• DATA SECTION:

━━━━━━━━━━

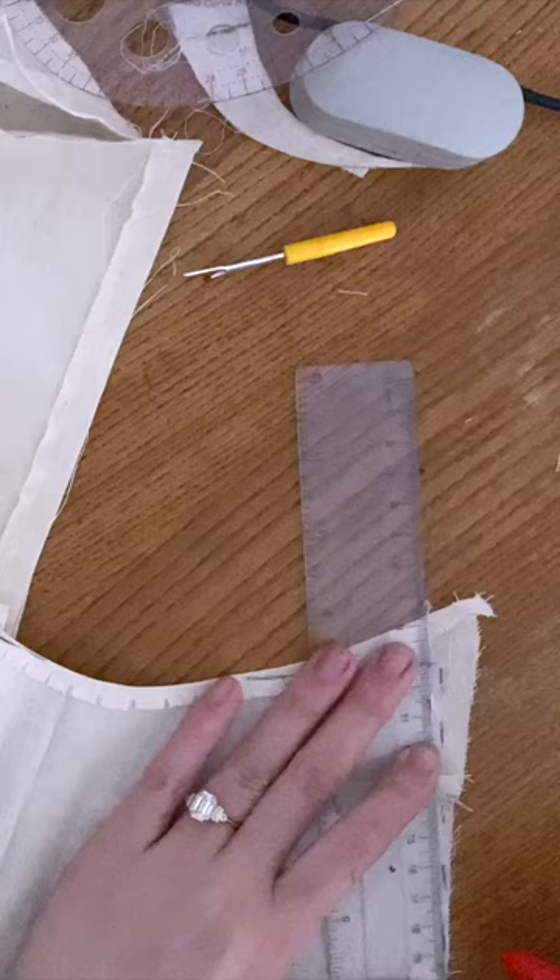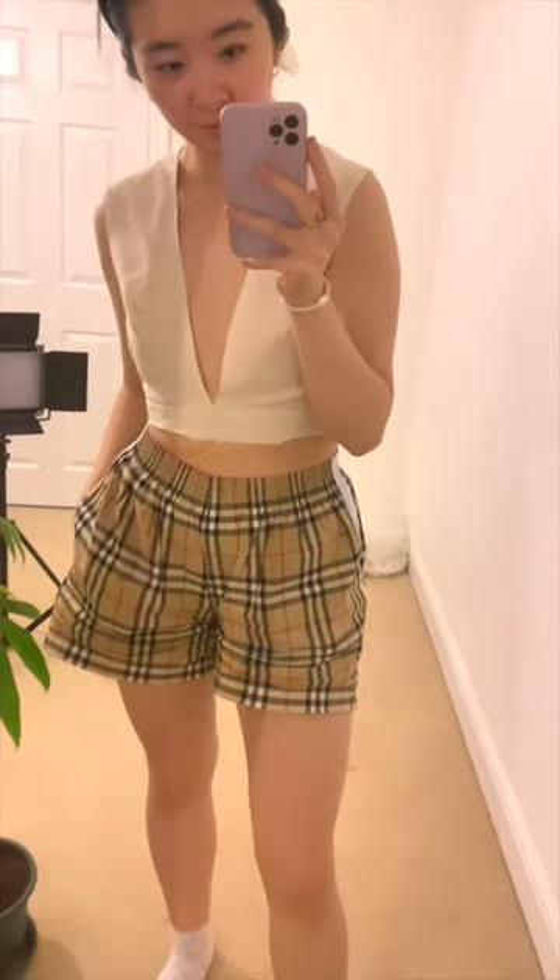The next thing I had to do was modify the pattern just to fit me a little bit better, and I think this time it fits me a bit better.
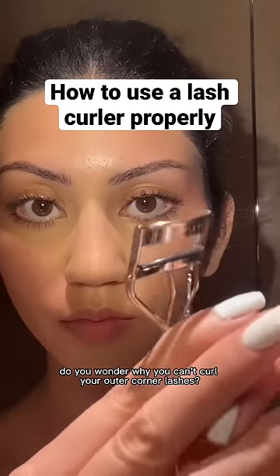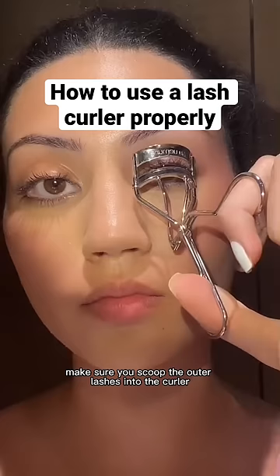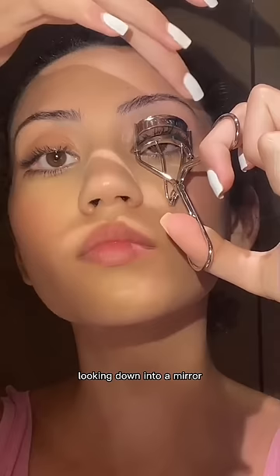Do you wonder why you can't curl your outer corner lashes? The secret to doing this is actually the metal bit of your lash curler. Make sure you scoop the outer lashes into the curler, then tilt your head back looking down into a mirror, and slightly pull on the lid and the outer part of your eye.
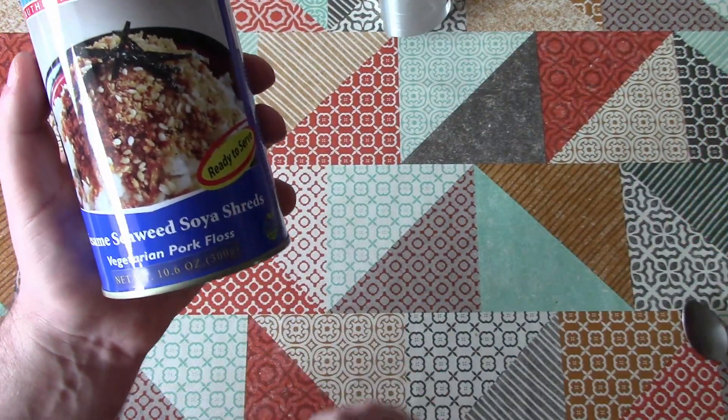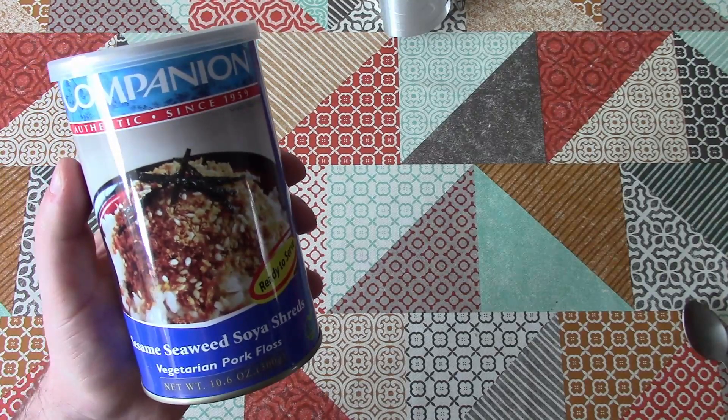Anyway, that's Weird Stuff in a Can — Sesame Seaweed Soya Shreds. Thanks for watching and I hope to see you again soon.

━━━━━━━━━━

• GOAL OF THE EXERCISE: Drop the pictures and give every line above again exactly.

• FINAL ANSWER:
The next thing I had to do was modify the pattern just to fit me a little bit better, and I think this time it fits me a bit better.
Do you wonder why you can't curl your outer corner lashes? The secret to doing this is actually the metal bit of your lash curler. Make sure you scoop the outer lashes into the curler, then tilt your head back looking down into a mirror, and slightly pull on the lid and the outer part of your eye.
Anyway, that's Weird Stuff in a Can — Sesame Seaweed Soya Shreds. Thanks for watching and I hope to see you again soon.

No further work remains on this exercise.